Buntutnya, kaum penjajah memaksa para pejuang Indonesia
ini menjadi pekerja paksa (rodi), untuk memahat batu-batu cadas ini
hingga jalan Tarutung-Sibolga (Tapanuli Tengah) bisa tembus.
Pada
masa penjajahan Jepang, pembuatan Batu Lubang ini terus berlanjut
hingga selesai dan dapat dilalui oleh kendaraan bermotor. Konon, pada
waktu pembuatan Batu Lubang, banyak para pejuang yang menjadi korban dan
tidak sedikit pejuang yang mati. Yang mati, mayatnya langsung dibuang
ke jurang.
Selama
bertahun-tahun dibiarkan tetap sempit, sekitar tahun 1991, akhirnya
pemerintah akhirnya memutuskan untuk memperlebar terowongan. Tapi kali
ini tak lagi dengan memahat, melainkan pakai dinamit.
Terpanggil Jadi Penjaga
Dulu,
Batu Lubang terkesan seram, karena tidak ada lampu maupun penjaga.

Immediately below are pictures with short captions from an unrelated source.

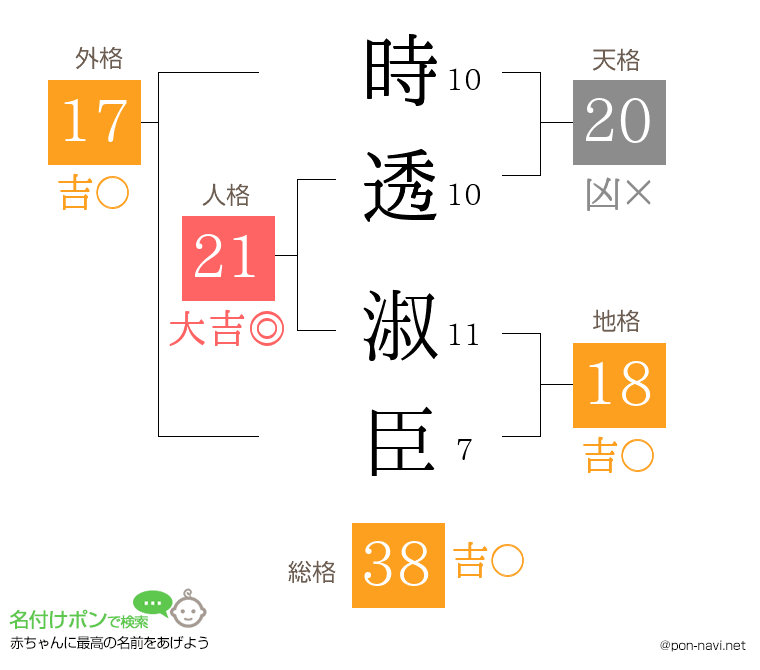 時透 淑臣さんの姓名判断結果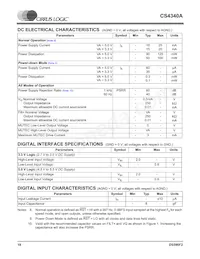 CS4340A-KSZR數據表 頁面 18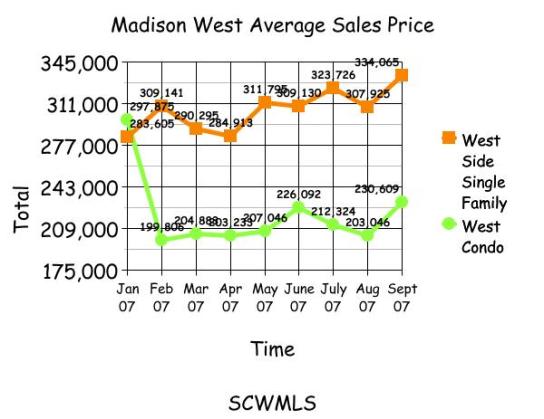 Madison West Home and Condo Prices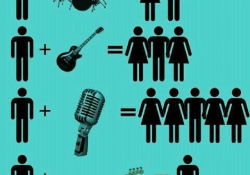 Rozdíl mezi zpěvákem a basákem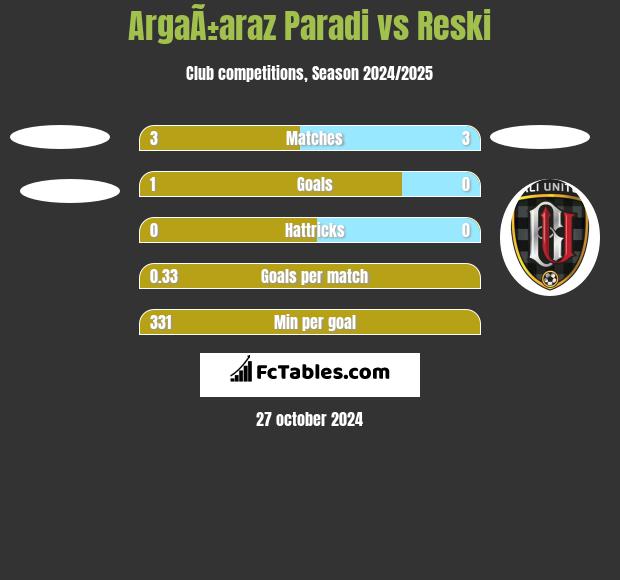 ArgaÃ±araz Paradi vs Reski h2h player stats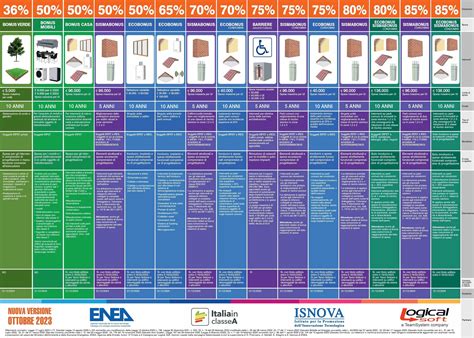 Enea 2025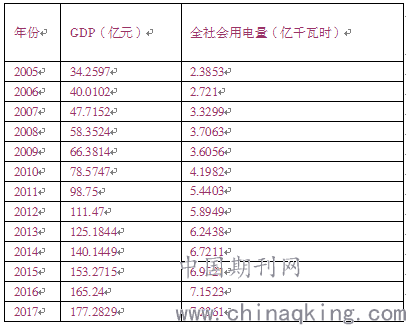 自变量是gdp_2009年统计师 统计工作实务 真题及答案(2)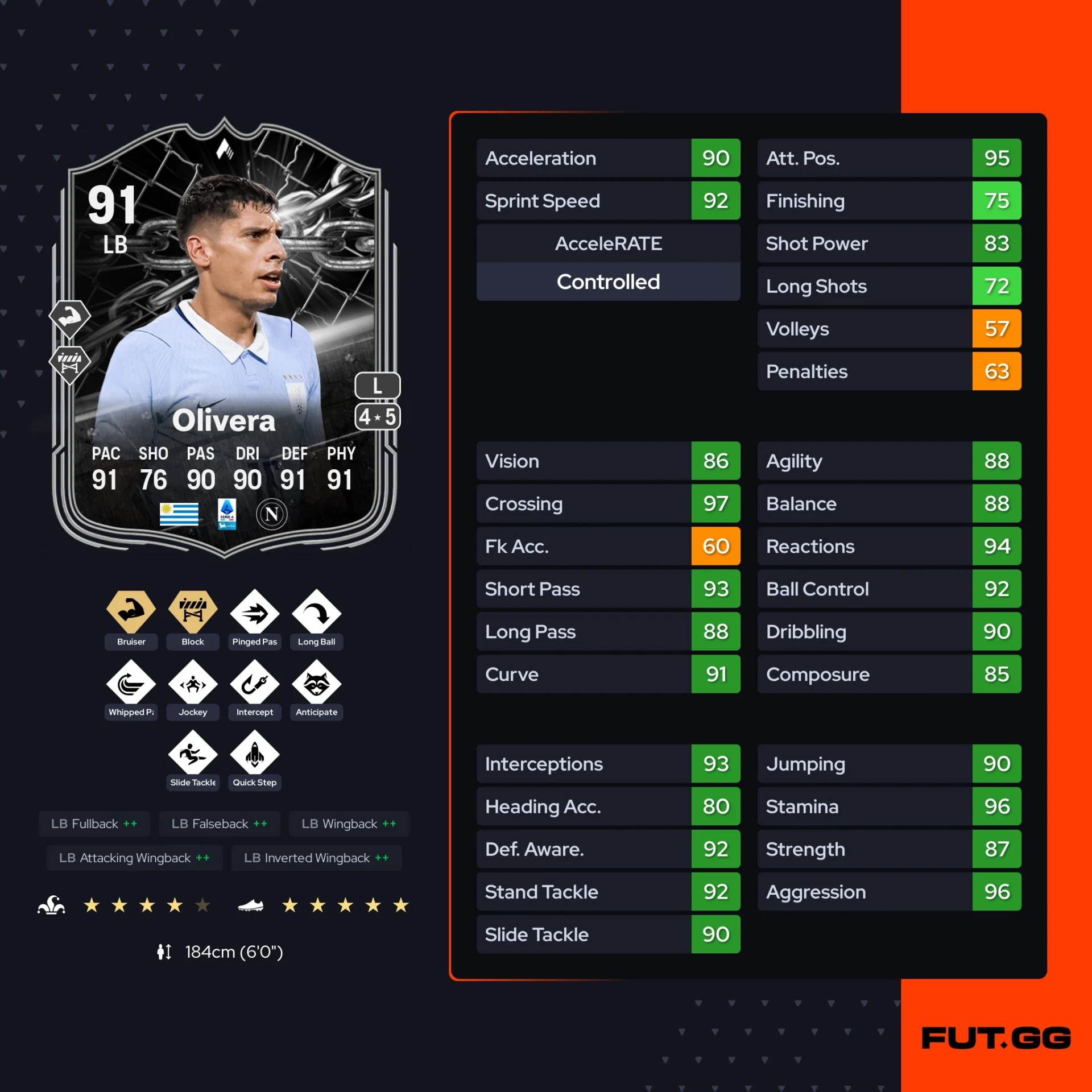 Fc 26 solution dce de Mathías Olivera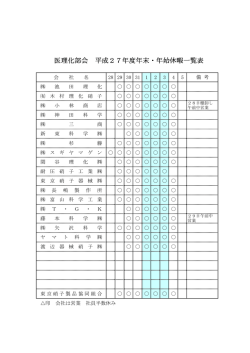 医理化部会 平成27年度年末・年始休暇一覧表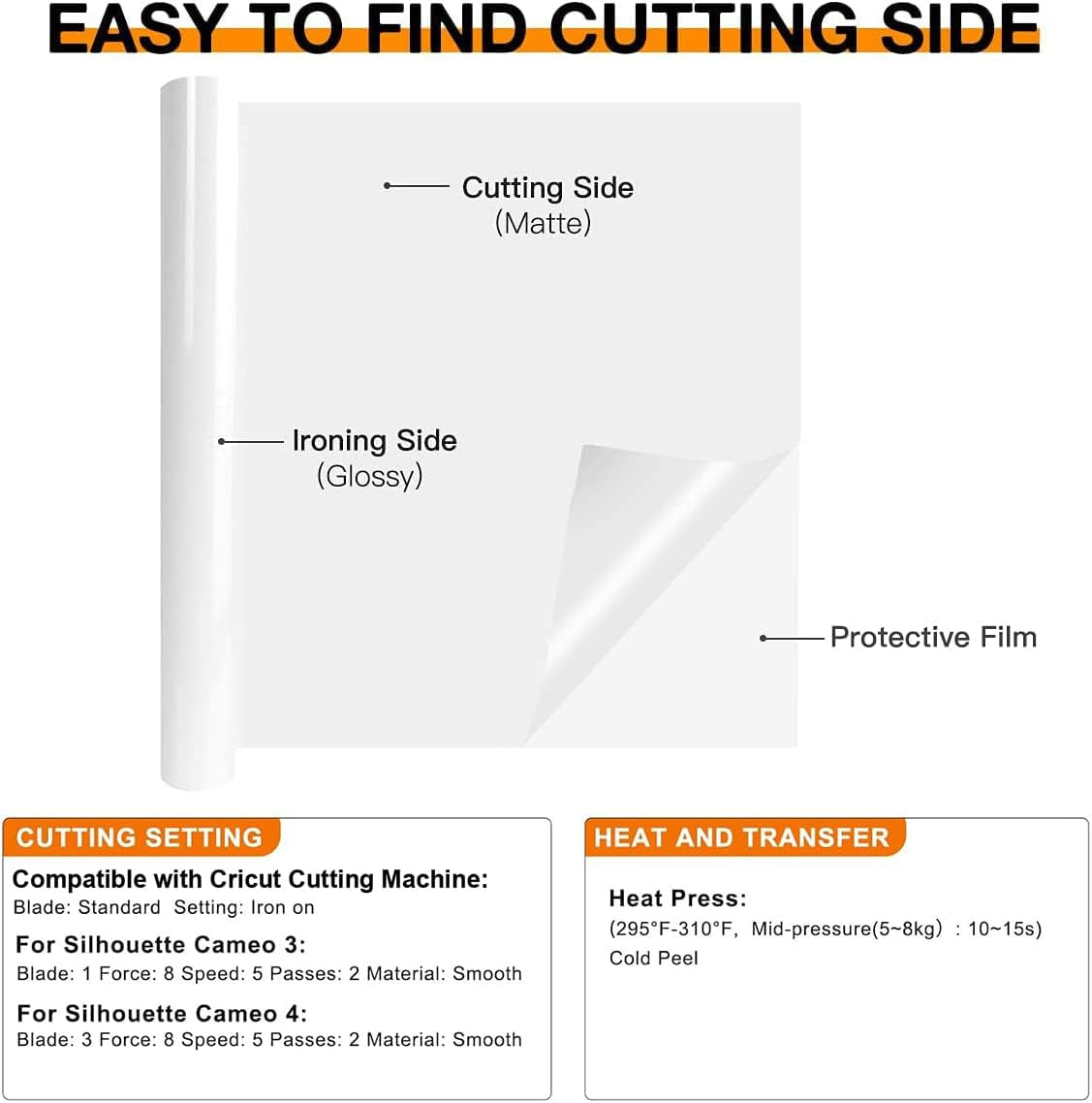 HTVRONT HTV Roll Heat Transfer Vinyl - 12" X 8Ft White HTV Vinyl for Shirts, Iron on Vinyl for All Cutting Machine - Easy to Cut & Weed for Heat Transfer Design (White)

Namun saat ini, kesan itu sudah berkurang jauh. Sudah 15 tahun lamanya,
Batu Lubang diawasi seorang penjaga, yang digaji Dinas Pekerjaan Umum
Rp500 ribu per bulan.
“Dulu
sejak tahun 1993, Batu Lubang ini dijaga dan diawasi mertua saya, Serep
Simbolon (almarhum, red). Namun sejak mertua saya meninggal awal 2008,
saya yang jaga,” kata Robert Tarihoran.
Ditanya
kisah terpanggilnya mertua kemudian dirinya menjadi penjaga Batu
Lubang, Robert menjelaskan, hal itu dimulai tahun 1991, saat ada
pengeboman untuk pelebaran terowongan di di Batu Lubang.
“Tak
lama setelah pengeboman, suatu malam saat tidur, mertua saya bermimpi.
Ia bermimpi didatangi seseorang, yang mengatakan agar mertua saya
membersihkan Batu Lubang. ‘Kau beserta anakmu akan kuberikan alat
kompresor untuk membersihkan debu yang ada di Batu Lubang’ Itulah pesan
yang diterima mertuaku dalam mimpinya,” kata ayah lima anak ini.
Beberapa
hari setelah mimpi itu, mertuanya didatangi Pegawai Dinas PU, dan
ditawari pekerjaan untuk merawat dan membersihkan jalan sepanjang Batu
Lubang. Pekerjaan sebagai penjaga dilakoni mertuanya sejak tahun 1993
sampai tahun 2008, dengan gaji terakhir Rp500 ribu per bulan.
Sebelum
mertuanya meninggal pada Pebruari 2008, pekerjaan sebagai penjaga
terowongan diwariskannya kepada sang menantu, yaitu Robert sendiri. Gaji
tetap sama, Rp500 ribu per bulan.
Cukupkah
untuk menghidupi dan menyekolahkan kelima anaknya? “Yah, pesan mertua
hanya satu, selama menjaga Batu Lubang, saya harus selalu memiliki niat
baik. Dengan demikian, saya akan diberikan rejeki. Pesan itu saya
pegang, dan sampai sekarang kelima anak saya masih sekolah,” katanya.
Rezeki
dimaksud datang dari para sopir yang lewat Batu Lubang, yang kerap
memberikan sekedar uang rokok kepadanya. “Rezeki itu khususnya sering
datang dari kendaraan prbadi,” ungkapnya mensyukuri berkat yang
diterimanya.
Objek Wisata
Bagi
orang yang belum pernah melewati Batu Lubang, mungkin ingin tahu
rasanya melewati Batu Lubang. Jujur, kesannya cukup mencekam. Untungnya,
panjang terowongan hanya 10 meter ditambah 8 meter. Di terowongan 10
meter itu yang kesannya agak dramatis, karena terowongan menikung,
dengan air menetes di sana
sini. Jalan di terowongan itu sendiri sama sekali tidak mulus alias
rusak berat. Maklum, tetesan air terus menerus merusak jalan.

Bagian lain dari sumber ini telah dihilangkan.